The Titan IIG rocket, to be launched from Vandenburg Air Force Base in California, is still owned by the military, and its primary mission is still a Defense Department project. It is now part of a test by the Ballistic Missile Defense Organization - the new name for the "Star Wars" program - to determine the feasibility of tracking missiles from an orbit high above the Earth.

But the project's military sponsors decided the spacecraft could also be used for scientific research, and allowed scientists, with the help of the National Aeronautics and Space Administration, to "piggyback" a series of research projects on the mission.

The project is called Clementine, because, as in the old ballad, it will eventually be "lost and gone forever." But until then, astronomers and geologists expect it to collect a wealth of information - data they have been trying to get for 20 years.

Eugene Shoemaker, a geologist and planetary specialist who is leading Clementine's science team, said the information about the moon's surface would represent "a big gain - it's a nice step beyond where we were after Apollo" and could help answer fundamental questions about the birth of the planets.

The opportunity is "basically a gift to the scientific community," he said. "It's a mission we just wouldn't have if it weren't for the military mission."

The six lunar landings of the Apollo program provided detailed information about the lunar surface at six places, and three automated Soviet sample-return missions provided rocks and soil from three other spots. But the moon has a highly varied surface, said Shoemaker, an astrogeologist with the U.S. Geological Survey who helped NASA plan the original Apollo landings. We still know relatively little about other parts of it, he said, especially the moon's far side, which is never visible from Earth.

"Imagine that you were a Martian," he said, "and you sent missions to the Earth, landed at six sites and then tried to figure out the geology of the Earth. We really haven't explored the moon in much depth."

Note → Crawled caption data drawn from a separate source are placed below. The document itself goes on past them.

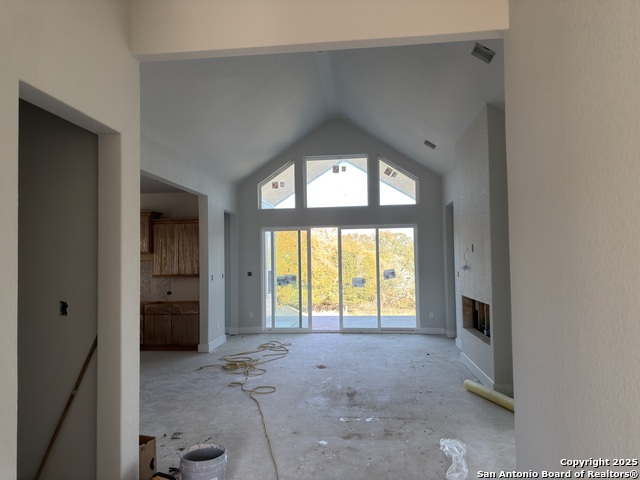 Image 3 of 17 For 381 Jereth Crossing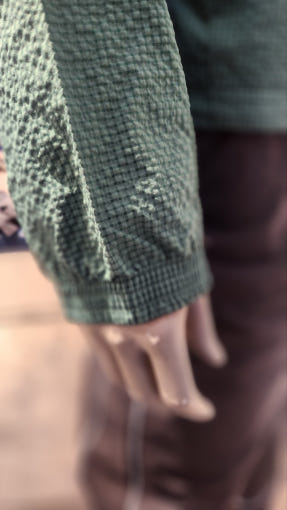 thumbnail-5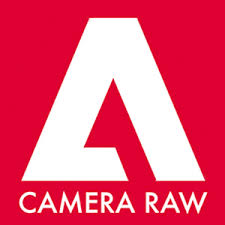 Camera raw mac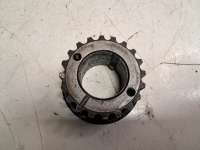 купить Шестерня (шкив) ДВС на Renault Kangoo I (KC_)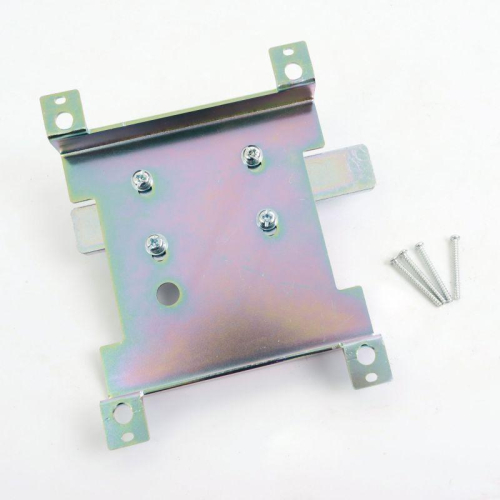 Блокировка механическая MI 3P для MGS160 YON MI-MGS160MI3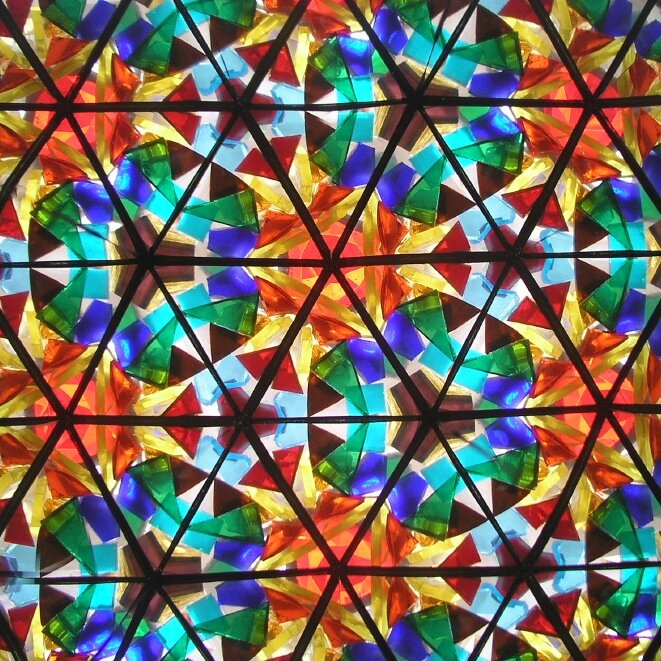 A collaborative research project dedicated to the study of online discourse on #religion and #faith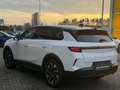 Opel Grandland X Grandland GS Hybrid 145PS AT8*PIXEL BOX*16"TOUCH Bianco - thumbnail 7
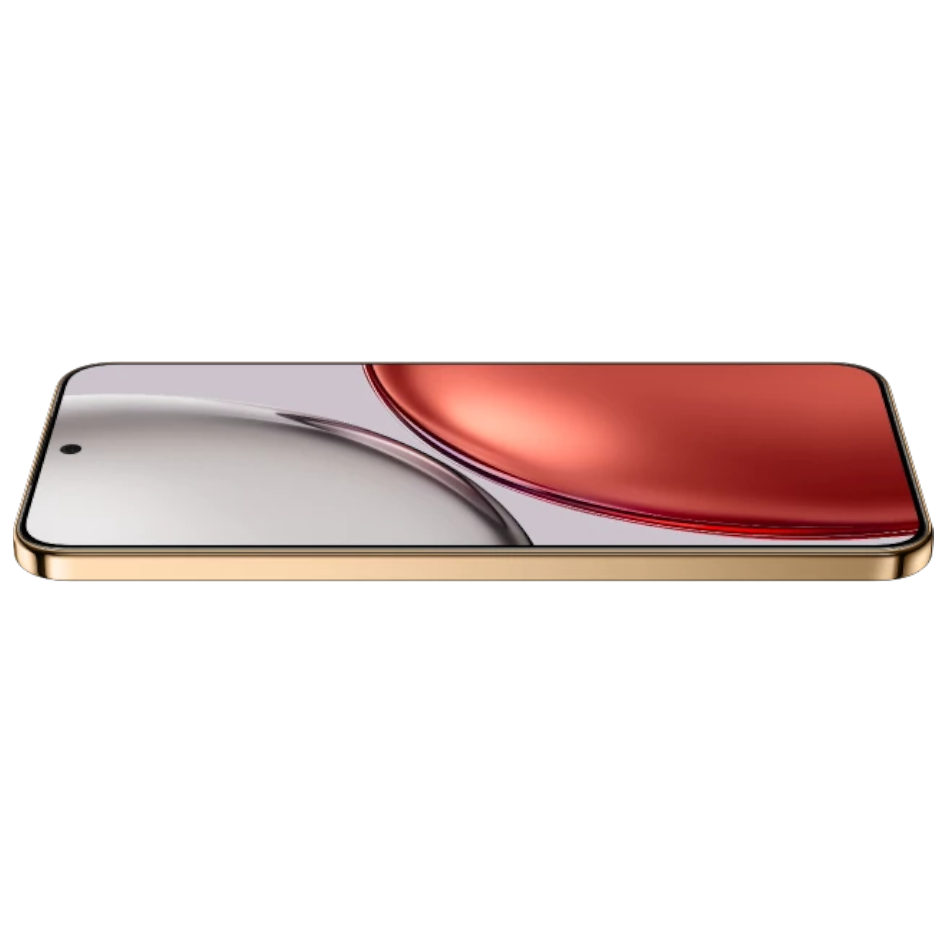 https://storage.alifshop.tj/media/images/alifshop/42501/honor-x9d-8-256-gb-krasnyy-1761219666420.png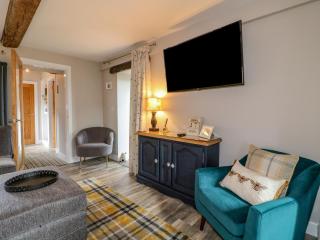 The Stables - Whiston - 4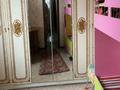 Отдельный дом · 4 комнаты · 66 м² · 10 сот., ул. Жамбыла Районный больницанын жаны 26 — Центр аягозстрой Районная больница за 12 млн ₸ в  — фото 4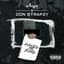 Don Strapzy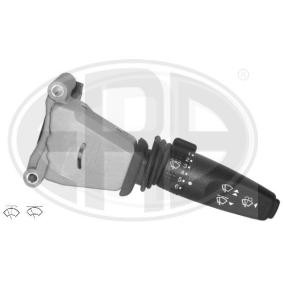 Lenkstockschalter 440029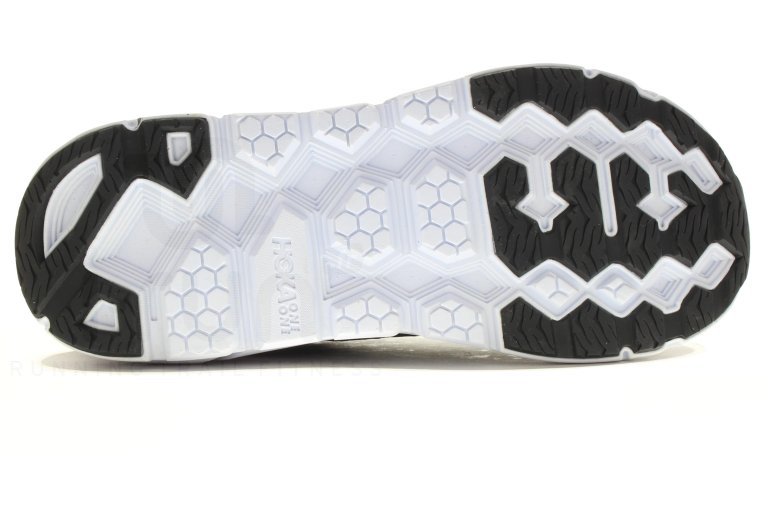 Hoka One One Clifton 3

What they learn about the moon could have many implications for Earth and other planets. "What's interesting about the moon is it preserves for us a record of those very early events" during the formation of the solar system's planets, moons, asteroids and comets "that are essentially gone on Earth," Shoemaker said.

Because of the thick Earth atmosphere that gives us winds and rain, and the violent activity of earthquakes, volcanos and moving plates of the Earth's crust, the early history of our own planet has been almost completely erased, he said, but "there it is on the moon for us to figure out," preserved on an airless, weatherless surface.

Clementine will not land. It will circle the moon for two months, taking high-resolution pictures of one strip of the lunar surface at a time as the moon slowly revolves below, gradually building up a detailed map of the entire lunar surface.